Me gustaría decirle también al señor Urban que aunque aquí en mi columna, parezca pecar de naïf, no lo soy, en modo alguno. Sé muy bien a qué se refiere esta gente cuando habla de soberanía popular y de procesos constituyentes: hablan de soviets, de checas, de establecimiento de una “justicia popular” cuyas características pueden comprobarlas cuando quieran en los libros de Historia: Lenin escribía a los comisarios de los soviets establecidos a lo largo y ancho de Rusia durante la revolución de octubre de 1917 que mataran; que mataran mucho y que mataran bien, que lo hicieran visible “al pueblo” para que la chusma viese qué es lo que había fuera de esa justicia apellidada popular: el abismo. A uno de estos próceres del neo-comunismo y la revolución “desde abajo” (otra falacia vaporosa de fácil acomodo en el relato mediático), Íñigo Errejón, le gustaba, al menos hasta hace poco, citar a Lenin y exhortaba a su emulación, calificándolo como ejemplo a seguir en la actualidad. Qué decir. El castillo argumentativo y retórico, sobre todo retórico, de esta gente se cae al menor soplo; sin embargo, sus irresponsables declaraciones, sus arrebatos de oratoria bolchevique, no son refutados más que por cadenas o medios de comunicación tan ridículas como 13TV, Libertad Digital o Intereconomía: la defensa retórica de la democracia no puede caer exclusivamente en manos de disparatados personajes de zarzuela como Alfonso Merlos y semejantes bodrios intelectuales.

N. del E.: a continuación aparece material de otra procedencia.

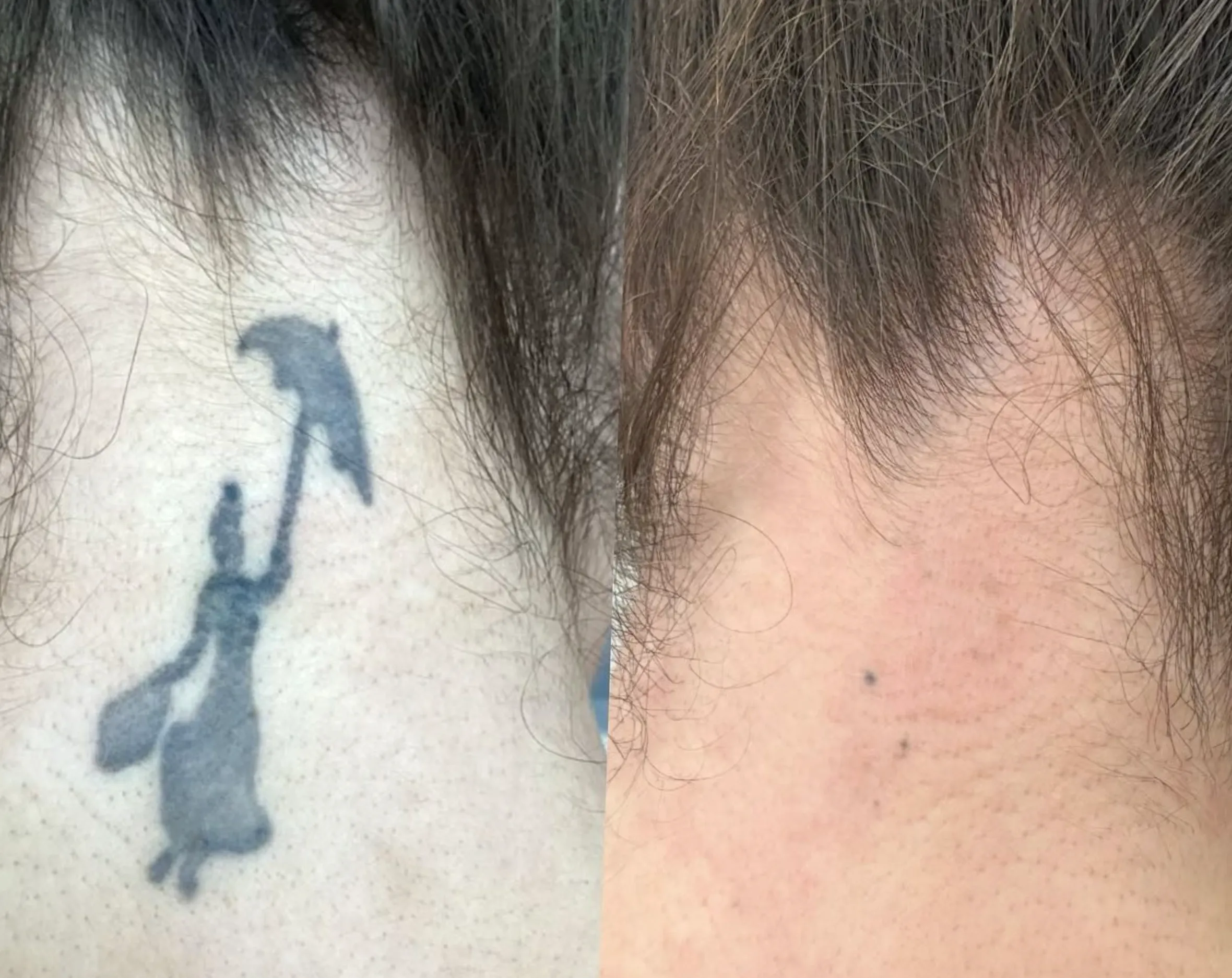 medically necessary tattoo removal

Apelar a la refutación total del “sistema” constitucional español amparándose en la irresponsable y del todo reprobable conducta sistemática de los partidos mayoritarios desde 1980 (PP y PSOE) así como en la dudosa y susceptible de ser enjuiciada por los procedimientos legales que el propio ordenamiento jurídico establece (tal y como está ocurriendo, cabría añadir) actitud de influyentes individuos del campo financiero, político, judicial o cualquier otro, es pura, y simplemente, inducir de forma consciente a una excursión antidemocrática muy peligrosa. De excursiones basadas en estas aspiraciones totalitarias sustentadas por abstracciones letales, en España, tenemos los cementerios llenos.